WORK TO BE COMPLETED:
Repeat exactly the lines from the start of the entries below through the line containing "ЮЙЧЖАОЛИНЬ Синий Серый". Omit the rest.

TASK INPUTS:
○ ○ ○ ○
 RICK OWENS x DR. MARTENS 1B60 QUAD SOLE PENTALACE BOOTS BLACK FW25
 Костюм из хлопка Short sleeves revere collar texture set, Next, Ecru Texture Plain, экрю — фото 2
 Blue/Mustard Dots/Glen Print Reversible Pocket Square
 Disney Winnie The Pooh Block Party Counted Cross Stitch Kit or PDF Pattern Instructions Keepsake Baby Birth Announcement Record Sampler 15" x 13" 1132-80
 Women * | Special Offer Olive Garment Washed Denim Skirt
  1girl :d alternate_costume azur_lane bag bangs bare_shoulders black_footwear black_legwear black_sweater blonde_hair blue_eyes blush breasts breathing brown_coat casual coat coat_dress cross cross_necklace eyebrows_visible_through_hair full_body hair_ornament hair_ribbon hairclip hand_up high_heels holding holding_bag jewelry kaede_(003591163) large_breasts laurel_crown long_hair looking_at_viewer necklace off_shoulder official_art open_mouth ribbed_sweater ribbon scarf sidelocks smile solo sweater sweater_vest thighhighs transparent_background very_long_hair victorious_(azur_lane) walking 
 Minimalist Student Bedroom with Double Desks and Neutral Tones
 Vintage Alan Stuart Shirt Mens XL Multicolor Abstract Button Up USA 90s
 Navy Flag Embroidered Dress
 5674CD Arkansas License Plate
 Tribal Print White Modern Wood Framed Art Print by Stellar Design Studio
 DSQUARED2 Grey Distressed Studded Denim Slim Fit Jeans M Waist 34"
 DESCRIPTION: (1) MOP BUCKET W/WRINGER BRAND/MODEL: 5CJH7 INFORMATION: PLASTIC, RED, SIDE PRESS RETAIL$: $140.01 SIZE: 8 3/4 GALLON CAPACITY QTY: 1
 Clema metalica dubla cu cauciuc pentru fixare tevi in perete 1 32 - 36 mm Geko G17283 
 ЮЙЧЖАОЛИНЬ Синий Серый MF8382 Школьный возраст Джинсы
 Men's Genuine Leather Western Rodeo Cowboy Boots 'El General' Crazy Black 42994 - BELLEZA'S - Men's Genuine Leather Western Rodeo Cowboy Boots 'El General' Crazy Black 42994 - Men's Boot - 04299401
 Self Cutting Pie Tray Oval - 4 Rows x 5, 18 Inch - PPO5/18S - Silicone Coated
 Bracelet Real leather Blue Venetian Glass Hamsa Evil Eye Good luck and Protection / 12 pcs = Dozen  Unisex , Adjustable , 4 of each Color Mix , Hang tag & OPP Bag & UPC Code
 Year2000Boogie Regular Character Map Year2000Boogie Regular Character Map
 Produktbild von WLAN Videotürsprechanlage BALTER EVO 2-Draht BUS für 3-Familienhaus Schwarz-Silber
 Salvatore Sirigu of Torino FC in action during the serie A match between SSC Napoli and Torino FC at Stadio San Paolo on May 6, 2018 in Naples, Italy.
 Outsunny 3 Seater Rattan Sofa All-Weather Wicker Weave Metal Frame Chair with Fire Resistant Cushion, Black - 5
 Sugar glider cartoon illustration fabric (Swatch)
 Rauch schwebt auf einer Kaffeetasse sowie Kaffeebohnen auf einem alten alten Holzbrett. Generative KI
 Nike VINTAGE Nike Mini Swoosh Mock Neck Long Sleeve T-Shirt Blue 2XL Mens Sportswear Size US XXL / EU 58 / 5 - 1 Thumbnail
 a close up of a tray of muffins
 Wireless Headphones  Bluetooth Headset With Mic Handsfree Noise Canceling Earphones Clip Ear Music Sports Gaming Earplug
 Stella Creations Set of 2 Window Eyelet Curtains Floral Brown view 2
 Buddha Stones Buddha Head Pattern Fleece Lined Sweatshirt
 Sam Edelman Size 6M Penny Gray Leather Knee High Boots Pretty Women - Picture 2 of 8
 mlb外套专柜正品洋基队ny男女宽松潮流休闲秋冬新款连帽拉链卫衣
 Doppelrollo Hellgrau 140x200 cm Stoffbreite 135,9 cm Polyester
○ ○ ○ ○
SOLUTION FOR THIS PROBLEM:
 RICK OWENS x DR. MARTENS 1B60 QUAD SOLE PENTALACE BOOTS BLACK FW25
 Костюм из хлопка Short sleeves revere collar texture set, Next, Ecru Texture Plain, экрю — фото 2
 Blue/Mustard Dots/Glen Print Reversible Pocket Square
 Disney Winnie The Pooh Block Party Counted Cross Stitch Kit or PDF Pattern Instructions Keepsake Baby Birth Announcement Record Sampler 15" x 13" 1132-80
 Women * | Special Offer Olive Garment Washed Denim Skirt
  1girl :d alternate_costume azur_lane bag bangs bare_shoulders black_footwear black_legwear black_sweater blonde_hair blue_eyes blush breasts breathing brown_coat casual coat coat_dress cross cross_necklace eyebrows_visible_through_hair full_body hair_ornament hair_ribbon hairclip hand_up high_heels holding holding_bag jewelry kaede_(003591163) large_breasts laurel_crown long_hair looking_at_viewer necklace off_shoulder official_art open_mouth ribbed_sweater ribbon scarf sidelocks smile solo sweater sweater_vest thighhighs transparent_background very_long_hair victorious_(azur_lane) walking 
 Minimalist Student Bedroom with Double Desks and Neutral Tones
 Vintage Alan Stuart Shirt Mens XL Multicolor Abstract Button Up USA 90s
 Navy Flag Embroidered Dress
 5674CD Arkansas License Plate
 Tribal Print White Modern Wood Framed Art Print by Stellar Design Studio
 DSQUARED2 Grey Distressed Studded Denim Slim Fit Jeans M Waist 34"
 DESCRIPTION: (1) MOP BUCKET W/WRINGER BRAND/MODEL: 5CJH7 INFORMATION: PLASTIC, RED, SIDE PRESS RETAIL$: $140.01 SIZE: 8 3/4 GALLON CAPACITY QTY: 1
 Clema metalica dubla cu cauciuc pentru fixare tevi in perete 1 32 - 36 mm Geko G17283 
 ЮЙЧЖАОЛИНЬ Синий Серый MF8382 Школьный возраст Джинсы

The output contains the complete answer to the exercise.